Oh, this was justpeachy.
“It is my messenger!” The maenad sauntered around Andy in a wide circle and came to stand to his right, a few feet before him. She was not between Andy and the group on the deck. She was clean tonight, and wearing nothing at all. I guessed she and Sam had been out in the woods making whoopee, before they heard the crowd. Her black hair fell in a tangled mass all the way to her hips. She didn’t seem cold. The rest of us (except the vampires) were definitely feeling the nip in the air. We’d come dressed for an orgy, not an outdoors party.
“Hello, messenger,” the maenad said to me. “I forgot to introduce myself last time, my canine friend reminds me. I am Callisto.”
“Miss Callisto,” I said, since I had no idea what to call her. I would have nodded, but Andy had hold of my neck. It was sure beginning to hurt.

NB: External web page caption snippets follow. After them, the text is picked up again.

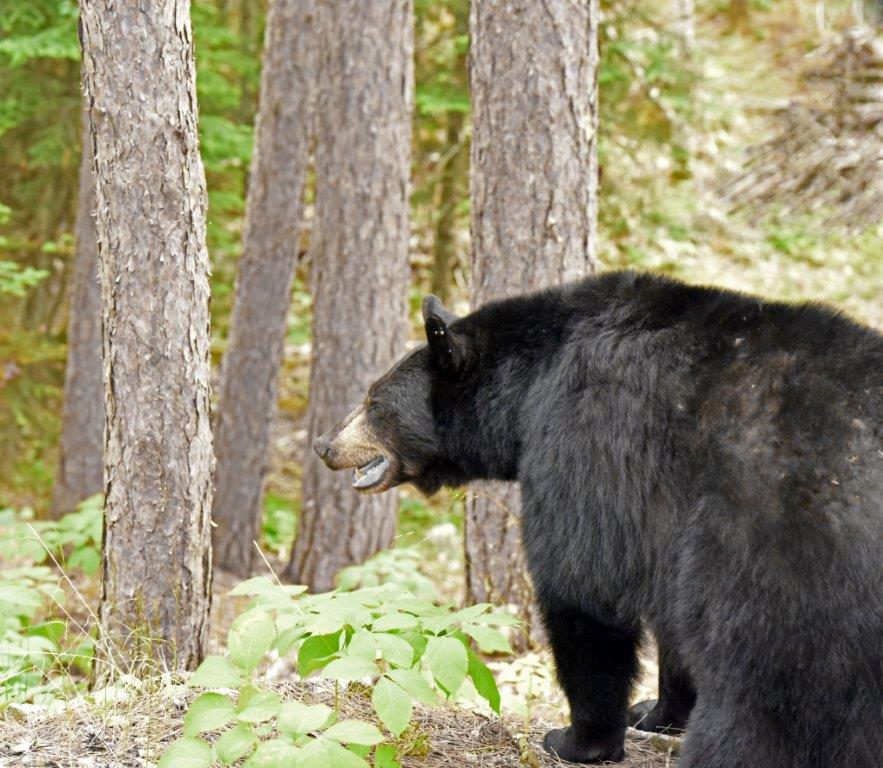 Lily on a mission with me in tow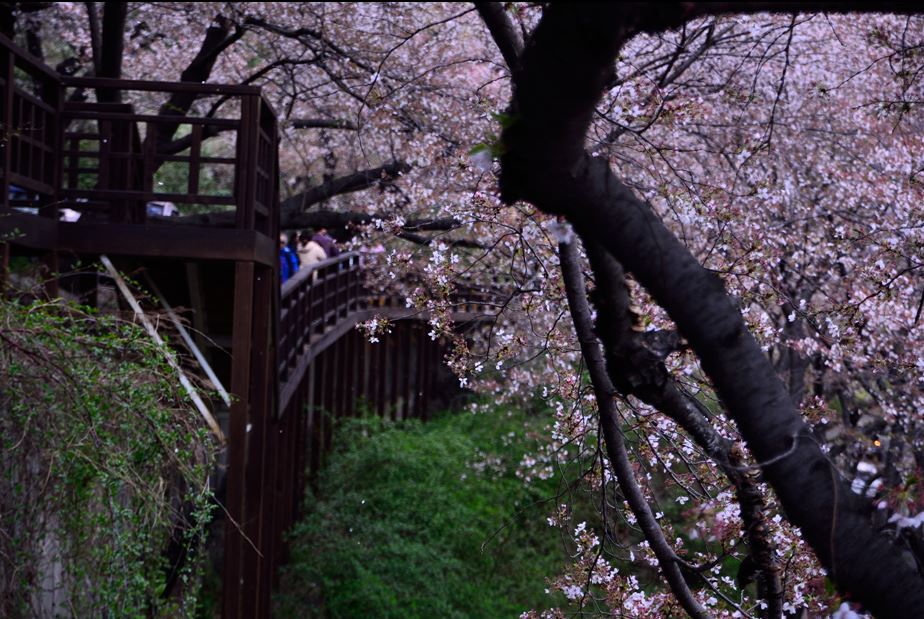 쌍계사 풍경.JPG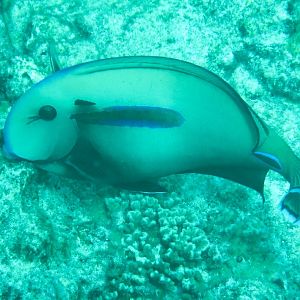 Hybrid Surgeonfish - Acanthurus olivaceus x A. tennenti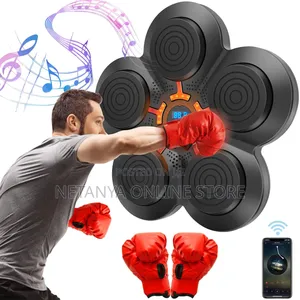 Smart Boxing Pad With Inbuilt Bluetooth Speaker and Gloves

“Who is this stalwart brave gripping you?” Callisto moved a little closer.
I had no idea what Andy looked like, but everyone on the deck was enthralled and terrified, Eric and Bill excepted. They were easing back, away from the humans. This wasn’t good.
“This is Andy Bellefleur,” I croaked. “He has a problem.”
I could tell from the way my skin crawled that the maenad had eased forward a little.